Kann man sehen, muss man aber nicht
Optisch ähneln sich beide Serien sehr, obwohl Dragon Age: Absolution in Korea und Vox Machina in den USA entstand. Allerdings ist dieser spezielle für westliche Augen gefällige Anime-Look auch weitverbreitet:
The Witcher: Nightmare of the Wolf sieht ganz ähnlich aus, ebenso die Dragon's-Dogma-Serie bei Netflix. In Sachen Blut und Gewalt hält sich Dragon Age: Absolution zwar nicht zurück, so brutal wie
Cyberpunk Edgerunners oder Vox Machina, die beide mit einer Freigabe von 18 Jahren versehen wurden, fällt die Serie allerdings nicht aus. Dennoch ist sie für Kinder definitiv ungeeignet, Netflix selbst bewertete die Serie mit einer Freigabe ab 16 Jahren.

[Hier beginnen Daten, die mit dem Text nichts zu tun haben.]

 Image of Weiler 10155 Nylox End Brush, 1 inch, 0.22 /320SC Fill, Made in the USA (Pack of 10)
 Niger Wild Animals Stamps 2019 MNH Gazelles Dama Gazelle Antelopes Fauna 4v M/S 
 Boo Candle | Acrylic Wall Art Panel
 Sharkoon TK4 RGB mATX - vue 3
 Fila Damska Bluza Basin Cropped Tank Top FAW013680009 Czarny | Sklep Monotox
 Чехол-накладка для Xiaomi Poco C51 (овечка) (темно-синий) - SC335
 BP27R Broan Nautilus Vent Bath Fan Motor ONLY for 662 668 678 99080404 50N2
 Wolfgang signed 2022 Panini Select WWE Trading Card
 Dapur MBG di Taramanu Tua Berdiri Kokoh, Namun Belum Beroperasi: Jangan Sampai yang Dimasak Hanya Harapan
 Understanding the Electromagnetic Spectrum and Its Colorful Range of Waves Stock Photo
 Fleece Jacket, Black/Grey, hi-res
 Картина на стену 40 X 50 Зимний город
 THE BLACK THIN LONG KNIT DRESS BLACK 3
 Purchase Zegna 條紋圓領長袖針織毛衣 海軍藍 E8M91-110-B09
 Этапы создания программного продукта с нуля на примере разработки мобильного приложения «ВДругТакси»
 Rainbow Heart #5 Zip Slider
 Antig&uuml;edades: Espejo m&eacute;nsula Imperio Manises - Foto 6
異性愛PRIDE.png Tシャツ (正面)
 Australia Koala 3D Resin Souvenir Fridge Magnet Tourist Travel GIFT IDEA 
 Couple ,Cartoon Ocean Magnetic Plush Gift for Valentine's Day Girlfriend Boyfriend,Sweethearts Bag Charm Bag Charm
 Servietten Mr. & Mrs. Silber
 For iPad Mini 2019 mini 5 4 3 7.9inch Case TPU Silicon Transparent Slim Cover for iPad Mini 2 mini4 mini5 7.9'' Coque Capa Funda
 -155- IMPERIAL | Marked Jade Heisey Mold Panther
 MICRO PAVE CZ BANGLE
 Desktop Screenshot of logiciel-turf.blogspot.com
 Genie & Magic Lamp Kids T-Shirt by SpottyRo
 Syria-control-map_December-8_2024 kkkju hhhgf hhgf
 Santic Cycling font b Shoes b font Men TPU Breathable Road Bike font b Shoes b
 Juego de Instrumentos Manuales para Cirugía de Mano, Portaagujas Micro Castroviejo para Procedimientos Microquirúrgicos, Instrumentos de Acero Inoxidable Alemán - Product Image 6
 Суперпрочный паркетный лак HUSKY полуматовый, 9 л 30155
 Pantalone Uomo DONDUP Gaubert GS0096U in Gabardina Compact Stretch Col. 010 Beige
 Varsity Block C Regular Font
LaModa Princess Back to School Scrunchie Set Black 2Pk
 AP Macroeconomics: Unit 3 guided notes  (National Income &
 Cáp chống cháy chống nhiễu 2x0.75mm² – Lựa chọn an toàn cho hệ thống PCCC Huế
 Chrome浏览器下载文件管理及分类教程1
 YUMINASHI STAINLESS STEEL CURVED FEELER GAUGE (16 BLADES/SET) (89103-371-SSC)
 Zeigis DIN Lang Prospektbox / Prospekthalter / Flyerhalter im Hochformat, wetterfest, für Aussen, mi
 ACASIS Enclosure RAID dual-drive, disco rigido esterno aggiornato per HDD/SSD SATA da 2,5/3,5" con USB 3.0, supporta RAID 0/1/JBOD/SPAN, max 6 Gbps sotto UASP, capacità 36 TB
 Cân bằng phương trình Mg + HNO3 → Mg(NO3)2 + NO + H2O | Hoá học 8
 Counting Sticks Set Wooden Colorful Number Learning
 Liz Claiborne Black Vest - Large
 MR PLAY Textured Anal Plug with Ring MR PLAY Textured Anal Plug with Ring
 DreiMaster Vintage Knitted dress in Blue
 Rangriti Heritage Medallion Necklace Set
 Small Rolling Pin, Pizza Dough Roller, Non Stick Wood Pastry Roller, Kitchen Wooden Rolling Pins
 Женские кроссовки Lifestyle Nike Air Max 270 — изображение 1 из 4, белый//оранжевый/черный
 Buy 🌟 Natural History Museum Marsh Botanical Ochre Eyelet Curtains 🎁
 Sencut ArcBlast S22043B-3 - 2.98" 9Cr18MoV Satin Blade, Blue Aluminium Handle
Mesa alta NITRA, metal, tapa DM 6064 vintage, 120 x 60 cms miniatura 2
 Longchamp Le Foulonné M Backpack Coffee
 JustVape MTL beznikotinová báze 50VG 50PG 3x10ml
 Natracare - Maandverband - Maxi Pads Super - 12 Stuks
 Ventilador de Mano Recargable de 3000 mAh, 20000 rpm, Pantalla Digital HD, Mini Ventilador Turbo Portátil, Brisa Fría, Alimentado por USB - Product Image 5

Um das Artefakt zu erbeuten, muss die Gruppe an Kommandantin Tassia und Magister Rezaren vorbei.
Bei der Sprachausgabe hat die englische Fassung, bei Netflix als Original angegeben, die Nase leicht vorn, aber auch die deutsche Version der Serie ist absolut gelungen und überzeugt mit Profi-Sprechern. Und so bleibt unter dem Strich eine zwar in der Handlung sehr erwartbare, aber spannend und emotional erzählte Fantasy-Story, die für Fans der Dragon-Age-Spiele ein paar Easter Eggs bietet, aber auch Neulinge nicht im Regen stehen lässt. Und dir für Fans von Dungeons & Dragons oder der Divinity-Reihe genug mitbringt, um 150 Minuten Zeit in die Serie zu investieren. Eine echte Perle wie beispielsweise
Arcane ist es aber nicht! Wer auf große Offenbarungen für
Dragon Age: Dreadwolf, das angekündigte vierte Spiel der Reihe, hofft, der wird zudem enttäuscht: Mehr als kurze Erwähnungen einiger bekannter Figuren hat die Serie nicht zu bieten. Wichtig für Serienfans: Dragon Age: Absolution bekommt zwar ein ordentliches Ende und könnte so abschließen, ist aber dennoch deutlich auf eine Fortsetzung getrimmt. Ob die kommt, bleibt angesichts der Qualität abzuwarten.